2. Des mythes de guerre et du cheminement de la vérité

Propagande, ou, comme on le disait, « bourrage de crâne », pendant la guerre de 1914-1918 ; propagande et « bourrage de crâne » pendant la guerre de 1939-1945. Le grand massacre hitlérien est mis sur le même plan que les « enfants aux mains coupées » de 1914, il s'agirait tout simplement d'une opération de guerre psychologique. Cette théorie centrale du « révisionnisme » a le mérite de nous rappeler deux données de base du conflit mondial. La propagande alliée a dans l'ensemble fort peu utilisé le grand massacre dans sa guerre psychologique contre l'Allemagne nazie. Les informations sur le génocide, lorsqu'elles ont commencé à filtrer, et elles l'ont fait très tôt, se sont dans l'ensemble heurtées à des obstacles gigantesques, dont le moindre n'était pas, précisément, le précédent de 1914-1918. En un sens, on peut dire que les premiers « révisionnistes », et parmi eux nombre de Juifs, se sont recrutés pendant la guerre, dans l'appareil d'information des puissances alliées. Tout cela a été par exemple établi de façon irréfutable dans un travail récent de Walter Laqueur[23].

Dans le flot d'informations qui provenait des territoires occupés, il y avait du vrai, du moins vrai, et du faux. Le sens général de ce qui était en train de se produire ne faisait aucun doute, mais, sur les modalités, il y avait souvent lieu d'hésiter entre telle ou telle version. S'agissant, par exemple, du camp d'Auschwitz, ce n'est qu'en avril 1944 que put être établie, à la suite d'évasions, une description de première main, et qui s'avéra remarquablement exacte, du processus d'extermination. Ces « protocoles d'Auschwitz » devaient être rendus publics par le War Refugee Board américain seulement en novembre 1944[24]. La déportation et le massacre des Juifs hongrois, à partir de mai 1944, furent des événements annoncés par la presse neutre et alliée pour ainsi dire au jour le jour[25].

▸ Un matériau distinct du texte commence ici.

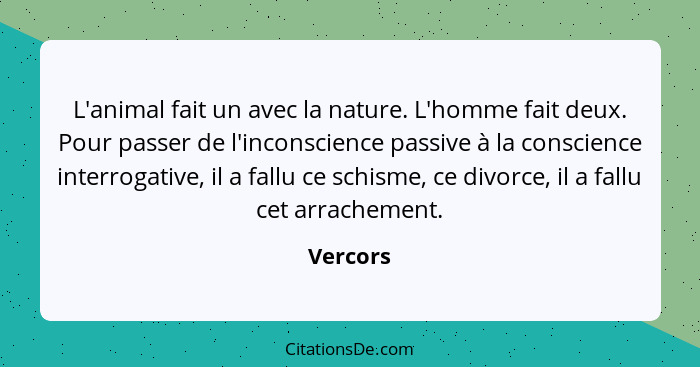 L'animal fait un avec la nature. L'homme fait deux. Pour passer de l'inconscience passive à la conscience interrogative, il a fallu ce schis... - Vercors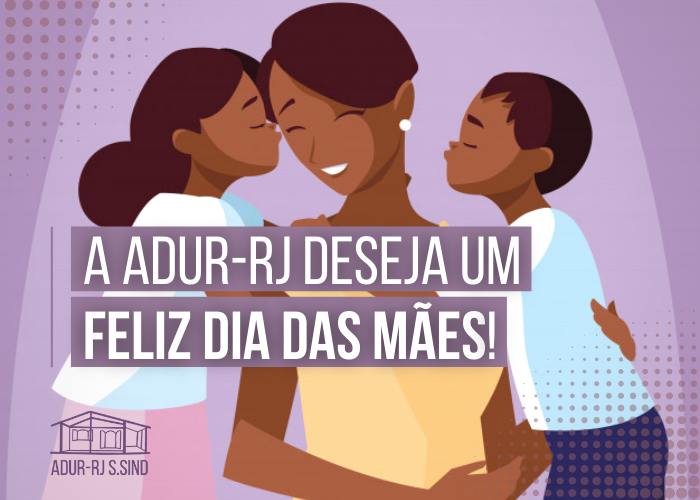 A ADUR-RJ deseja um Feliz Dia das Mães!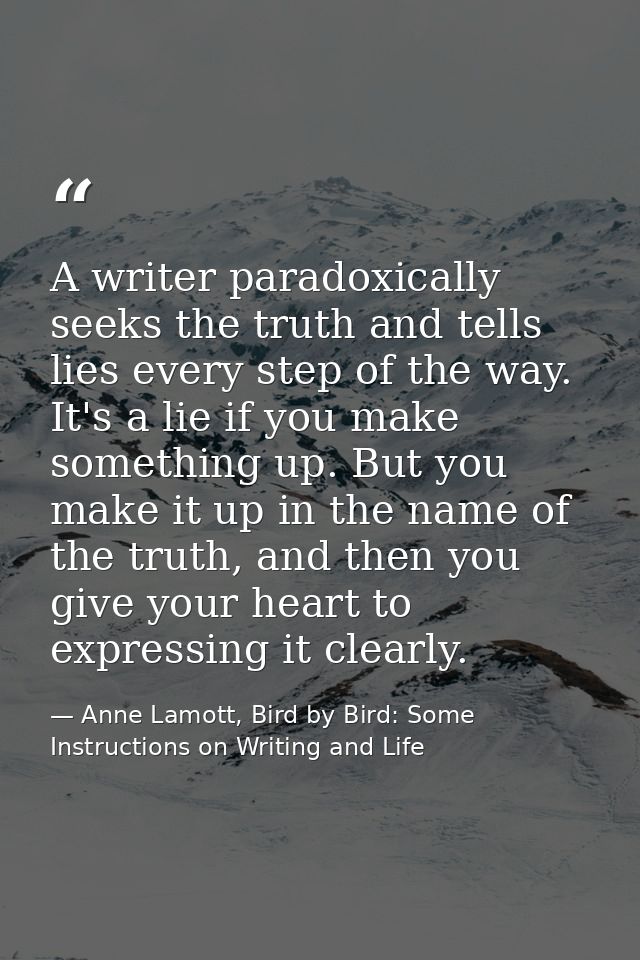 A writer paradoxically seeks the truth and tells lies every step of the way. It's a lie if you make something up. But yo — Anne Lamott, Bird by Bird: Some Instructions on Writing and Life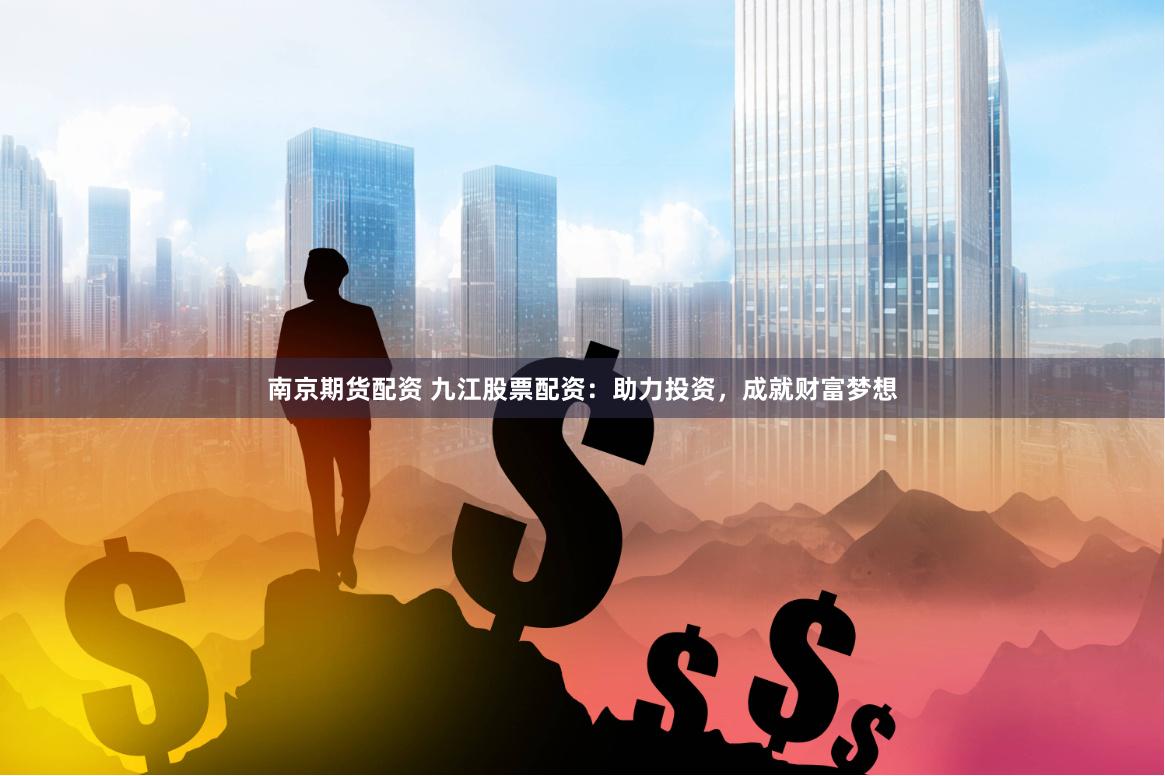 南京期货配资 九江股票配资：助力投资，成就财富梦想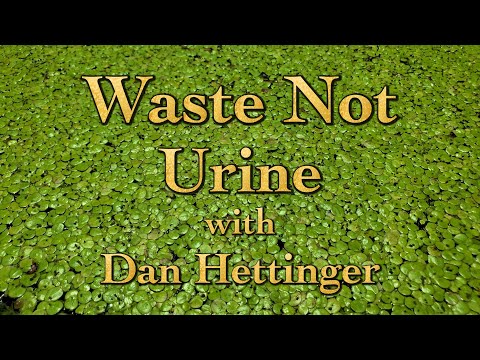 Waste Not Urine with Dan Hettinger Livestream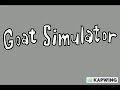 Silly Ahh Goat Simulator Recap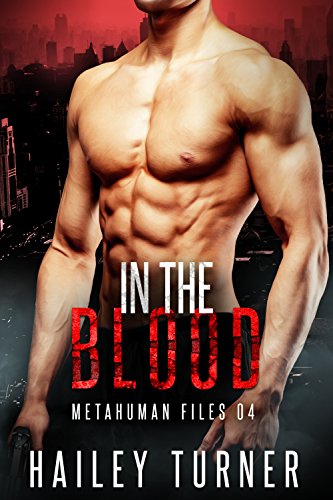 Book Cover In the Blood (Metahuman Files Book 4)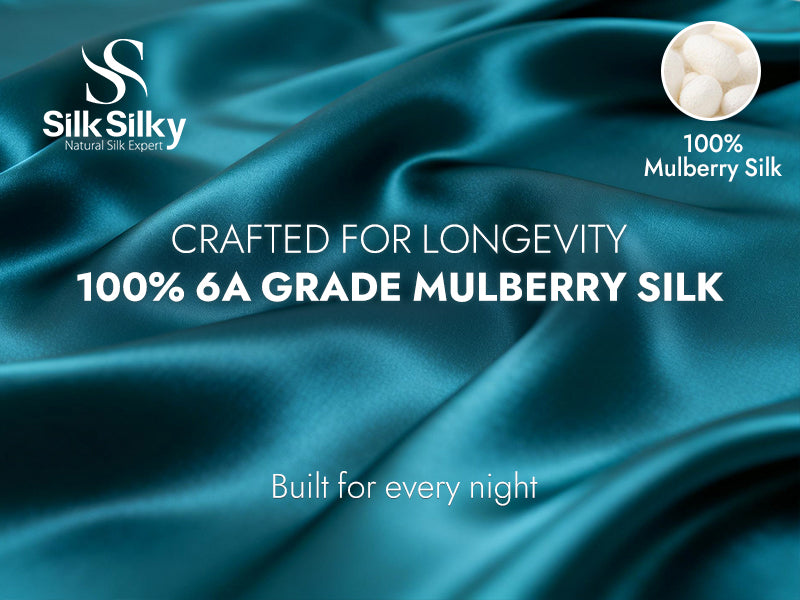 Crafted for Longevity: 100% 6A Grade Silk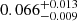 Mathematical equation: $ 0.066^{+0.013}_{-0.009} $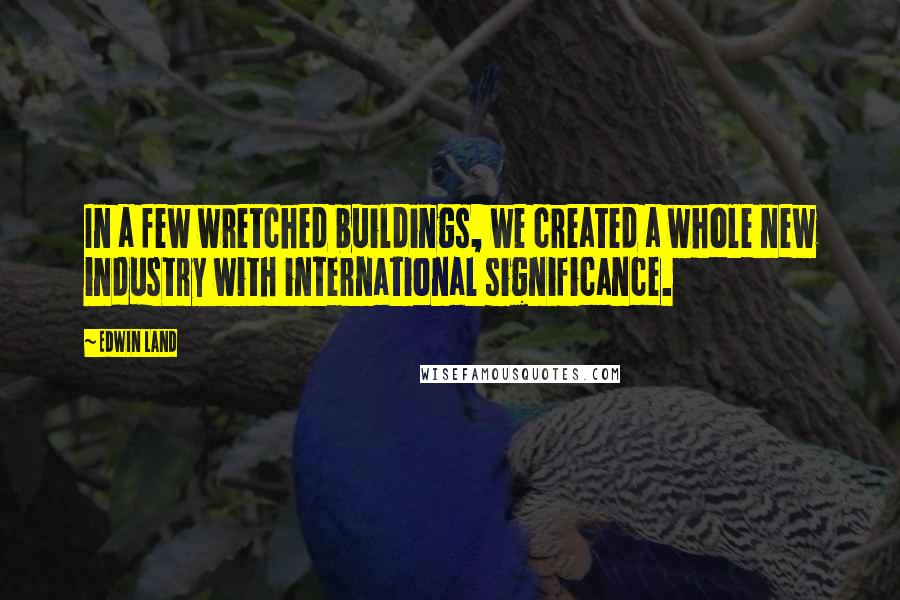 Edwin Land Quotes: In a few wretched buildings, we created a whole new industry with international significance.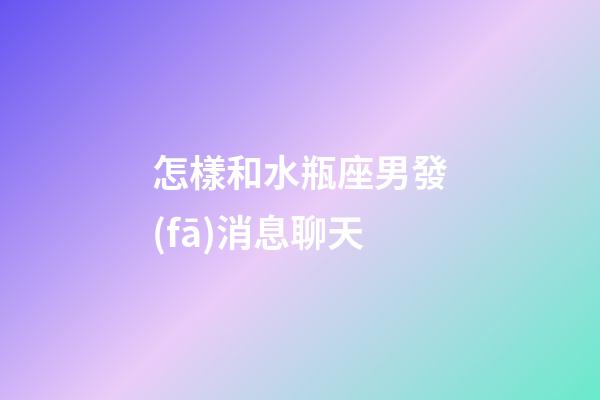 怎樣和水瓶座男發(fā)消息聊天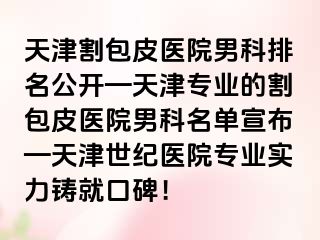 天津割包皮医院男科排名公开—天津专业的割包皮医院男科名单宣布—天津世纪医院专业实力铸就口碑！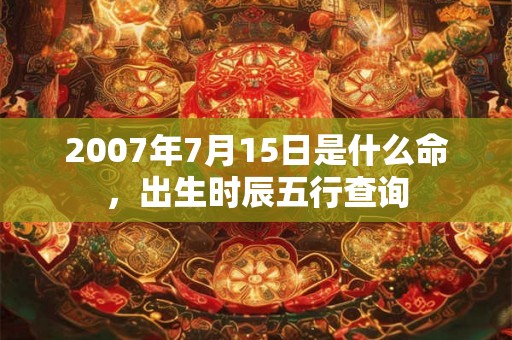 2007年7月15日是什么命,出生时辰五行查询 2007年7月15日是什么命,出生时辰五行查询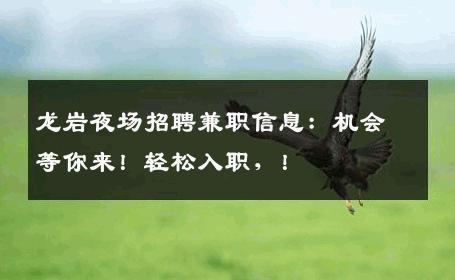 龙岩夜场招聘兼职信息：机会等你来！轻松入职，！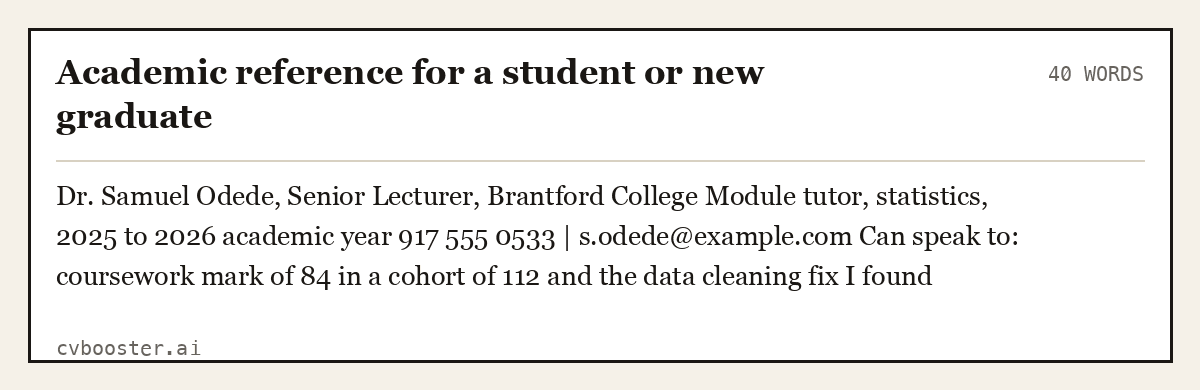 Complete Academic reference for a student or new graduate example, 40 words, laid out as it would sit in the application form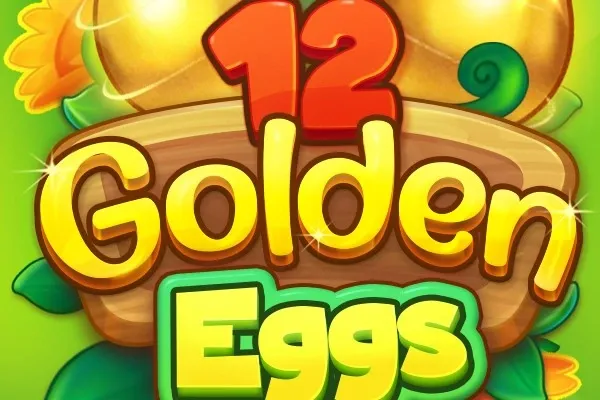 12 Golden Eggs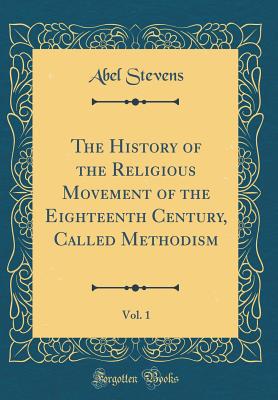 The History of the Religious Movement of the Eighteenth Century, Called Methodism, Vol. 1 (Classic Reprint) - Stevens, Abel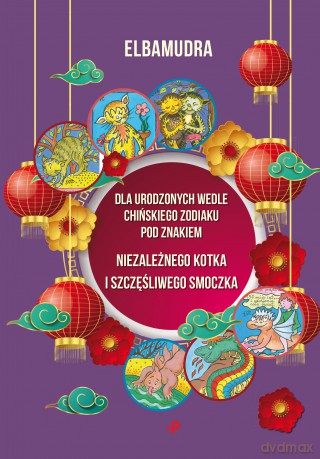 Dla urodzonych wedle chińskiego zodiaku pod znakiem niezaleznego kotka i szczęśliwego smoczka - Elbamudra [KSIĄŻKA]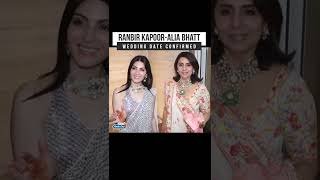 Ranbir KapoorAlia Bhatt Wedding Date Confirmed by Neetu Kapoor and Riddhima Kapoor Sahni [upl. by Ahsaelat]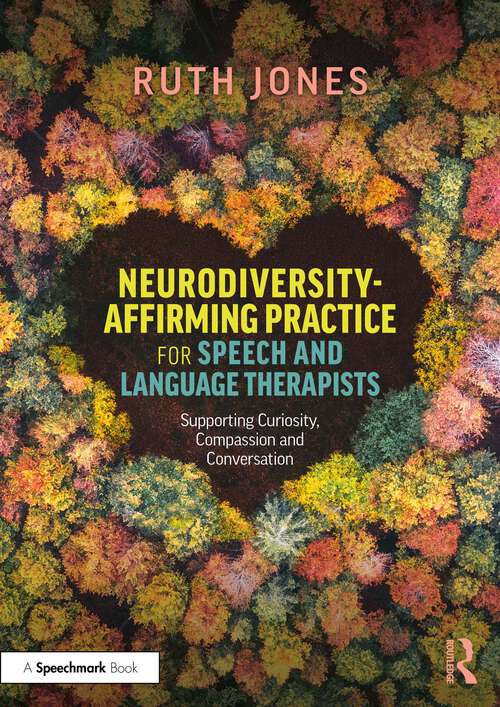 Book cover of Neurodiversity-Affirming Practice for Speech and Language Therapists: Supporting Curiosity, Compassion and Conversation (1)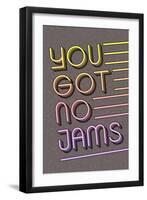 You Got No Jams-null-Framed Premium Giclee Print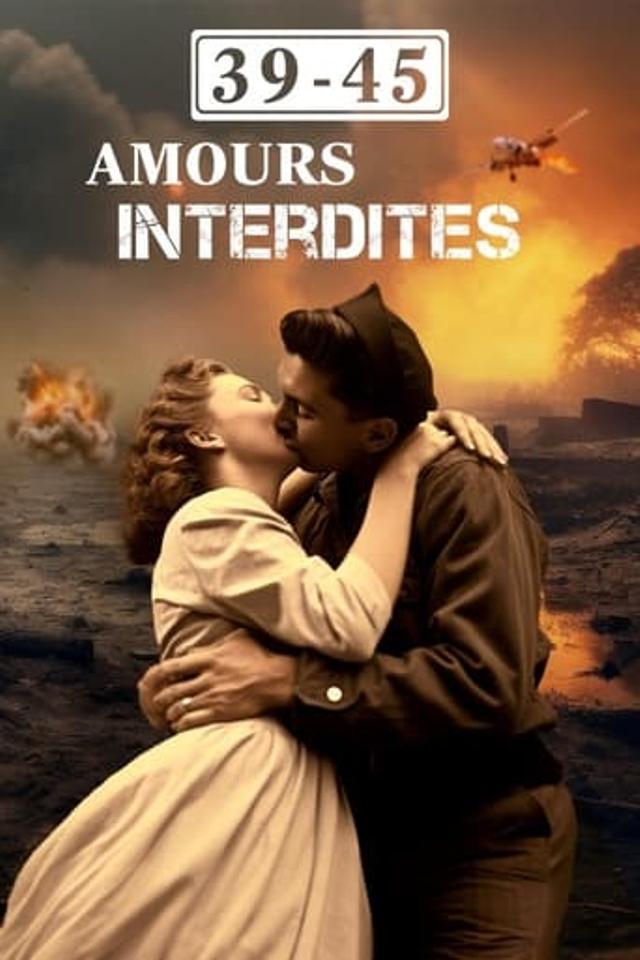 39/45 : Amours interdites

J'ai parlé de « vrai » et de « faux ». Cette opposition simple rend assez mal compte de ce qui s'est passé. Depuis les erreurs sur les formes architecturales jusqu'aux confusions sur les distances ou sur les nombres, toutes les formes d'inexactitudes ont existé, et ont existé aussi les fantasmes et les mythes. Mais ils n'existaient pas en soi, comme une création sui generis, comme une « rumeur » ou comme une escroquerie inventée par un millieu déterminé, les sionistes de New York par exemple [26]. Ils ont existé comme une ombre portée de la réalité, comme un prolongement de la réalité [27]. Ajoutons à cela que les informations les plus directes et les plus authentiques, lorsqu'elles parvenaient aux services des renseignements alliés, avaient besoin d'être décryptées, parce que écrites dans le langage codé des systèmes totalitaires, langage qui n'a pu, le plus souvent, être pleinement interprété qu'après la fin de la guerre.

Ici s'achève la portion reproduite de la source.